Déjà Vu: How the PE Bubble Mirrors the VC Bubble

It’s only natural to compare and contrast the dotcom bubble of the late ‘90s and the PE bubble of recent years, especially since the latter has more than officially burst.

So, with some input help from Dan, I’ve broken down a few of the similarities. It’s anecdotal, it’s unscientific, it’s subjective, and it’s full of sweeping generalizations, but something tells me it’s not too far off the mark.

Rock Stars

Venture capital wasn’t invented in the late ‘90s, much like private equity wasn’t invented in the mid ‘00s, but neither industry got much attention from the mainstream media before their respective bubbles. Think Bob Davoli of Sigma Partners on the cover of BusinessWeek, or Steve Schwarzman as Fortune’s “Wall Street’s man of the moment.”

Fund Sizes, Valuations and Pace of Investments Increased

The size of funds, and therefore, the size of investments, grew exponentially. Or maybe it was the other way around…

They Each Dabbled

Plenty of PE firms lusted after startups in the late 90s, when venture capital was all the rage. And most of them lost their shirts (or shingles). It’s comparable to the rash of venture firms that have crept up into the land of buyouts in recent years, doing recaps, carveouts, and traditional LBOs. I don’t think the VC firms will retreat nearly so fast, however…

The Crappy Returns and Toxic Portfolios

In both up cycles, VCs and PE firms had a few years of massive returns, often from deals with short investment cycles.
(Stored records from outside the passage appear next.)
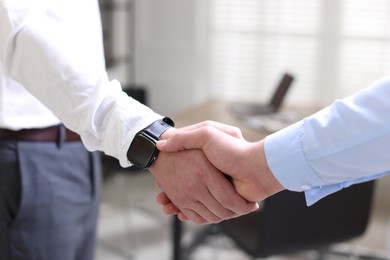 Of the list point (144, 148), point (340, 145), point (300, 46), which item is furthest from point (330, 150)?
point (300, 46)

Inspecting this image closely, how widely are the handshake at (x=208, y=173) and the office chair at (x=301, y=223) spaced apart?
2.89 ft

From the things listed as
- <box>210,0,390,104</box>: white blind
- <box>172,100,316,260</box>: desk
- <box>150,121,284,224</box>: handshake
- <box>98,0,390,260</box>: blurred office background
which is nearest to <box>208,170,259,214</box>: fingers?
<box>150,121,284,224</box>: handshake

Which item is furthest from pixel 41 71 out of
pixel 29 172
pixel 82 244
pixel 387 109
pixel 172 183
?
pixel 387 109

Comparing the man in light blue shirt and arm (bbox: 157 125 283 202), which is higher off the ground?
the man in light blue shirt

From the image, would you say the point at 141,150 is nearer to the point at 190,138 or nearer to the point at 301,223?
the point at 190,138

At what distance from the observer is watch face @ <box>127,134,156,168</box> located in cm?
132

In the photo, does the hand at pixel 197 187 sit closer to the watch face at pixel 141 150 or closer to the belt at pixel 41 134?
the watch face at pixel 141 150

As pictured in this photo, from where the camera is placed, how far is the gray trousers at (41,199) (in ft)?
4.54

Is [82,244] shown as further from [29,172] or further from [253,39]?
[253,39]

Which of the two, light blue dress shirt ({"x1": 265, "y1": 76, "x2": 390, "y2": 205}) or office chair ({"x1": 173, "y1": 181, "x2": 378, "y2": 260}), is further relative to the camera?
office chair ({"x1": 173, "y1": 181, "x2": 378, "y2": 260})

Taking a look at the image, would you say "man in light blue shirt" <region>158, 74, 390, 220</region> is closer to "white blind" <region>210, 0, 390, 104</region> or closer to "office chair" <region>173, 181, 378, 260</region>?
"office chair" <region>173, 181, 378, 260</region>

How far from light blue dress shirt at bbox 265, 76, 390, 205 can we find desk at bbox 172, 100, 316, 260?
1.41m

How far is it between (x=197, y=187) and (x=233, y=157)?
11 centimetres

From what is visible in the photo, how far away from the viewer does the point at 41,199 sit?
4.63 ft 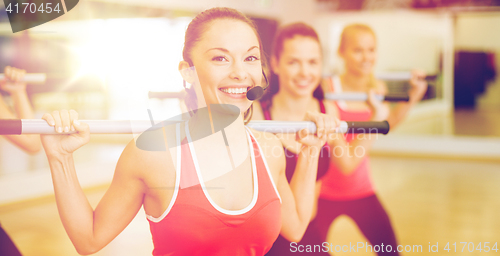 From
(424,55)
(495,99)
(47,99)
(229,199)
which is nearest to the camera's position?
(229,199)

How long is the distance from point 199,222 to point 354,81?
1602mm

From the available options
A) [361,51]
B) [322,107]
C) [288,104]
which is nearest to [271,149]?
[288,104]

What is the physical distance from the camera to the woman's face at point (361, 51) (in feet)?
7.25

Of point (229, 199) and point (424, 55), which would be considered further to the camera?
point (424, 55)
VC firms taking two-year-olds public in an “irrationally exuberant” market, and PE firms making hay with dividend recaps or sponsor-to-sponsor sales. But, since then, it’s been downhill. As of last year, the average return on 1999 vintage VC funds is about $0.95 on the dollar, according to a peHUB post by Bill Burnham (and that doesn’t even take into account the miserable post-bubble years). Its too early to tell what 2006 vintage PE firms will look like, but judging by last year’s spike in LBO-backed bankruptcies, and discounts to the public debt of those still in business, it won’t be pretty. Talk to me in two years when the debt on ’06 deals hits maturity.

Deep Discounts on Secondary Market as LPs Flee the Asset Class

For proof that history is repeating itself, look no further than this NY Times article from 2001, which quotes David Park of Paul Capital saying, ”This is the largest opportunity the secondary market has seen in a decade.” Sound familiar?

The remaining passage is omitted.